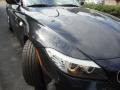 Black Sapphire Metallic - Z4 sDrive30i Roadster Photo No. 11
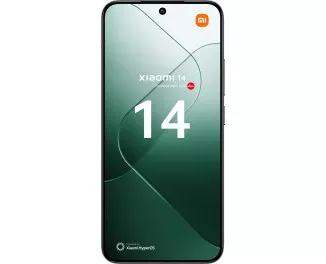Смартфон Xiaomi 14 12/256GB Jade Green Global
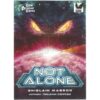 Not alone Kartenspiel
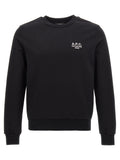 A.P.C. Bicolor Cotton Sweatshirt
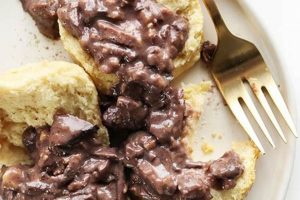 Easy Vegan Biscuits and Gravy (Southern Comfort!) Discover Delicious Vegan Food, Beauty Swaps, and Zero-Waste Tips for a Greener Life Easy Vegan Biscuits and Gravy (Southern Comfort!) | Discover Delicious Vegan Food, Beauty Swaps, and Zero-Waste Tips for a Greener Life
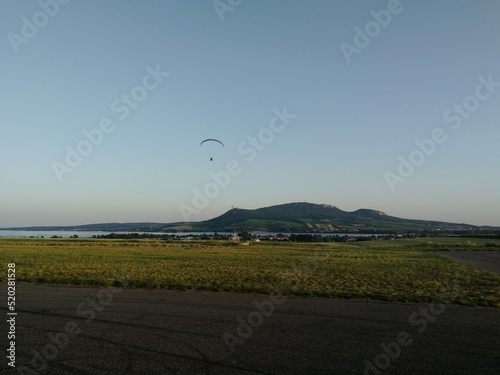 Paragliding Palava Musovska Jezera Nove Mlyny dam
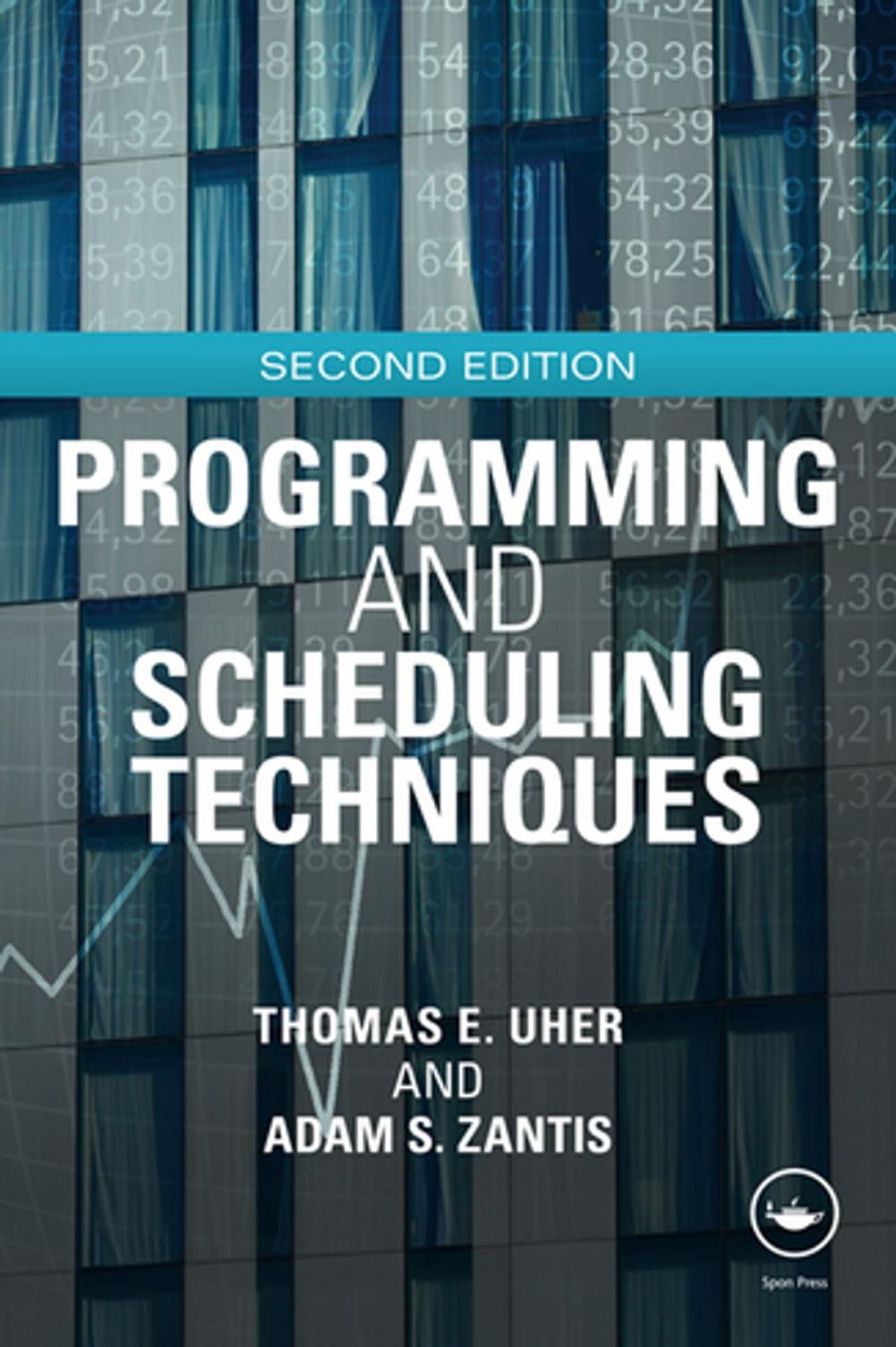 Big bigCover of Programming and Scheduling Techniques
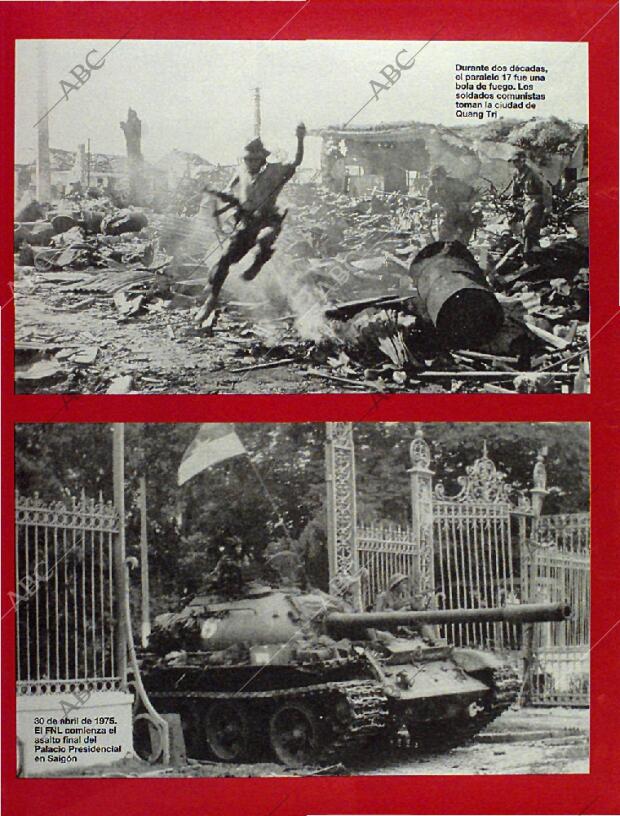 BLANCO Y NEGRO MADRID 30-04-1995 página 25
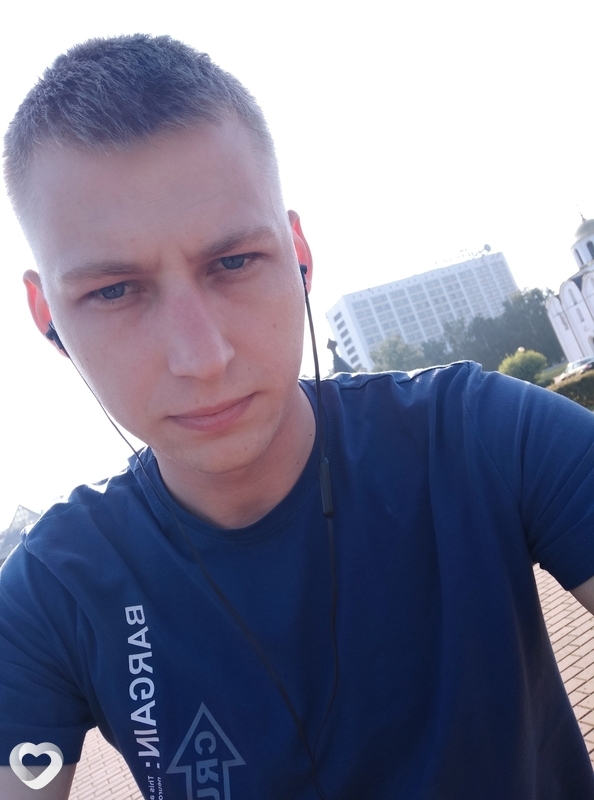 Миша, 29, Полоцке — анкета №212456
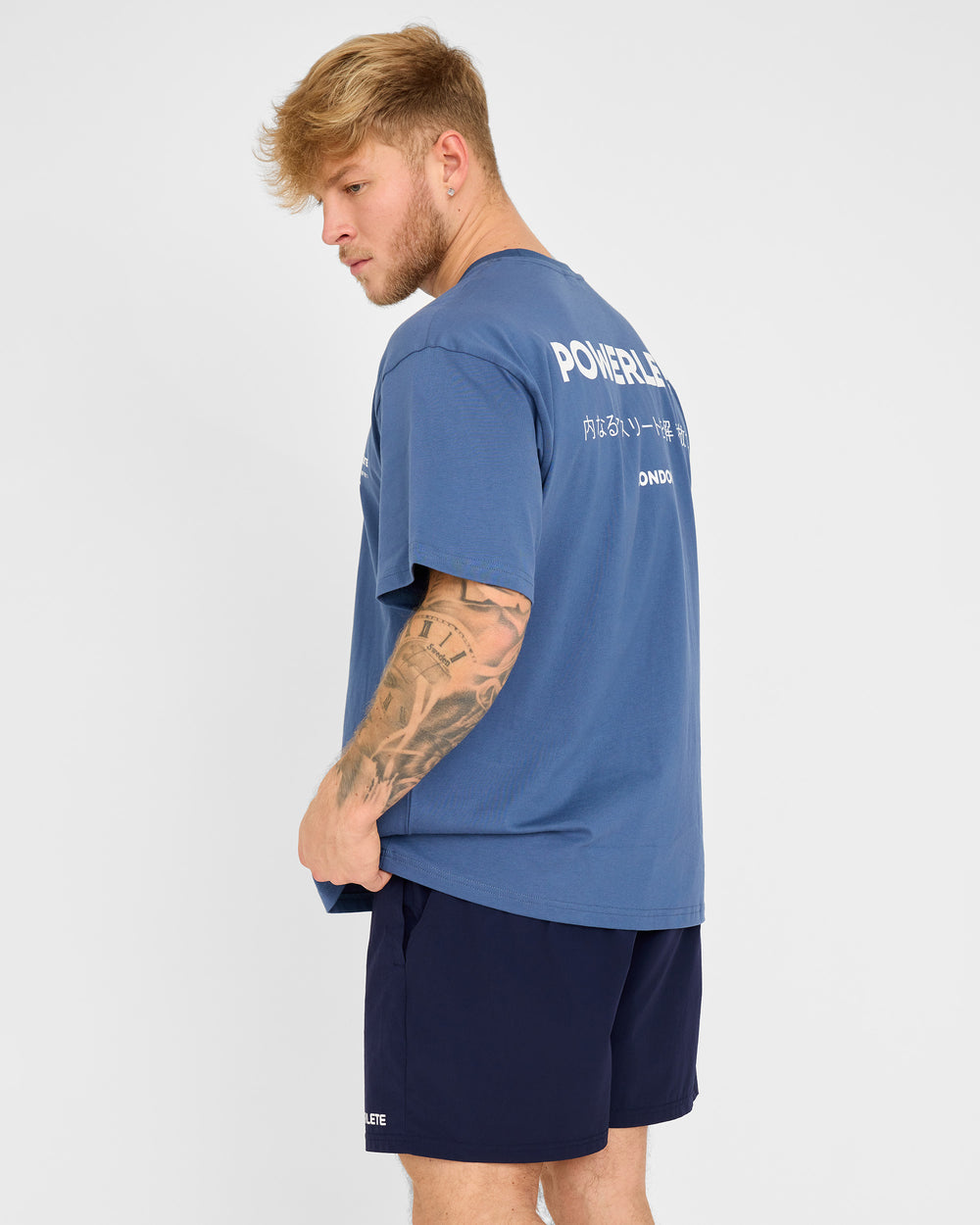 Underground Oversized T-Shirt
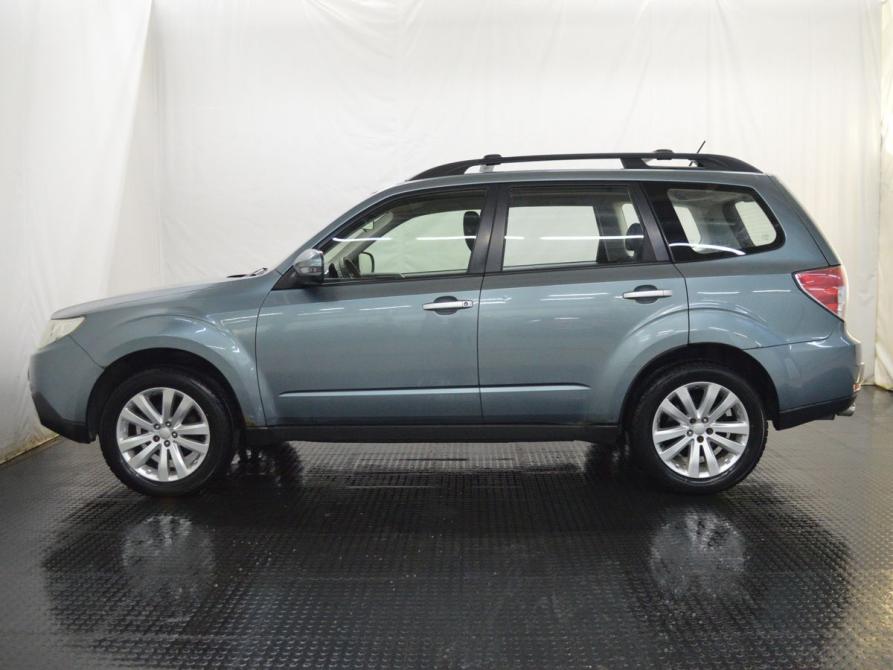 Subaru Forester III Санкт-Петербург  - изображение 8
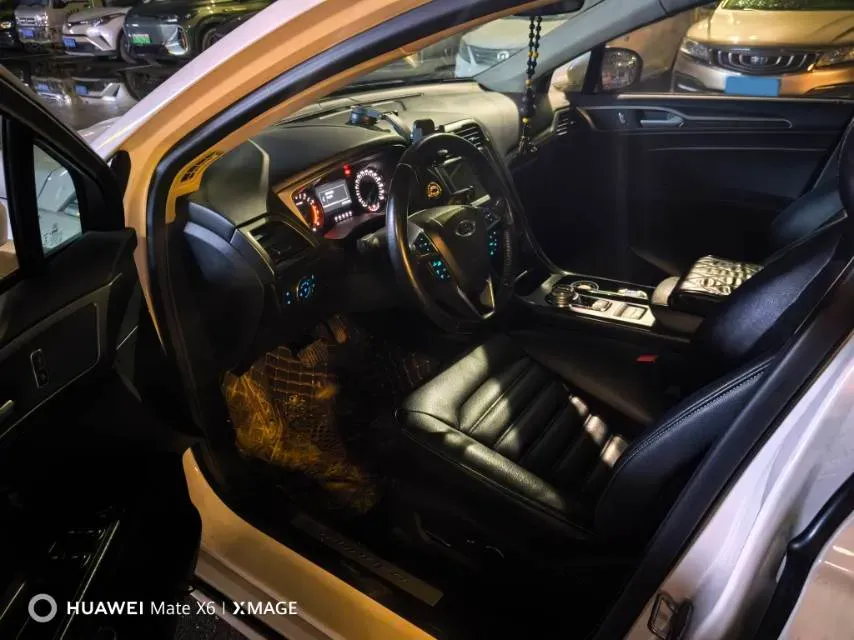 2018 Ford Mondeo 1.5T 181HP L4 6AT,autocango,china used car exporter,china ev exporter,chinese used car exporter,chinese used ev exporter
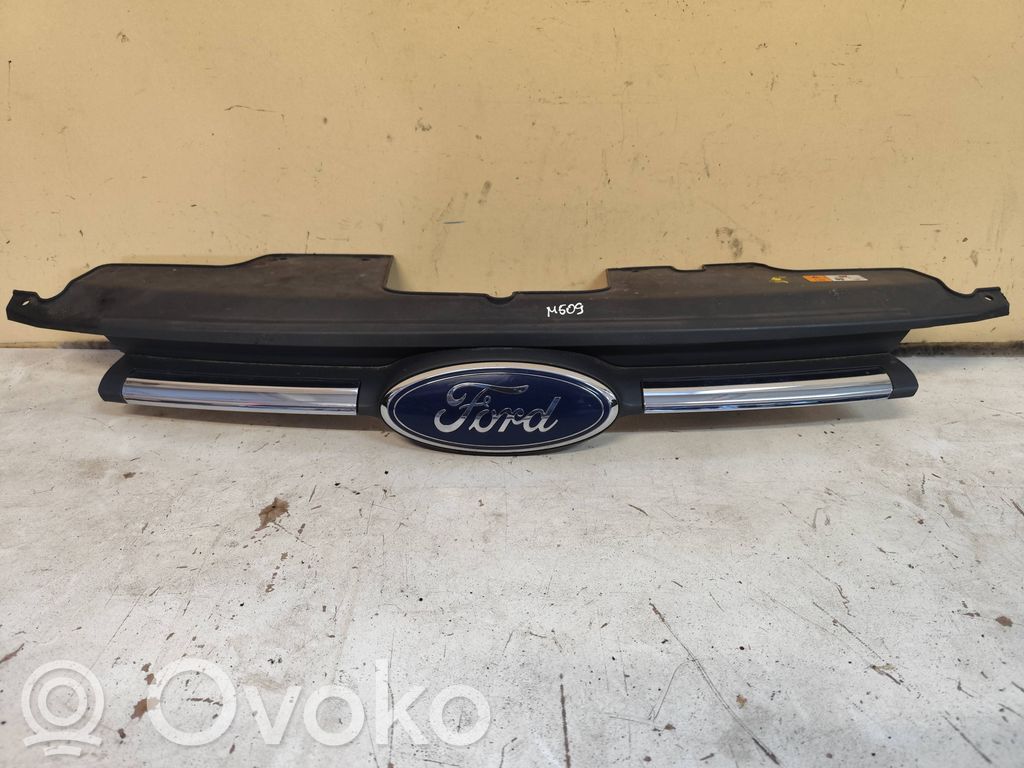 Ford Transit Custom Верхняя решётка 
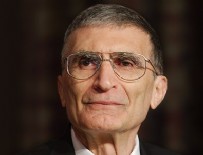 FUZULİ - Aziz Sancar'dan bomba evrim yorumu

• • •

> _Problem details_:
Set down exactly and only the lines from the line that contains "2018 Ford Mondeo" through the last line of the entries above, with both of those lines included and the pictures left out.

> _Solution_:
 2018 Ford Mondeo 1.5T 181HP L4 6AT,autocango,china used car exporter,china ev exporter,chinese used car exporter,chinese used ev exporter
 Ford Transit Custom Верхняя решётка 
 FUZULİ - Aziz Sancar'dan bomba evrim yorumu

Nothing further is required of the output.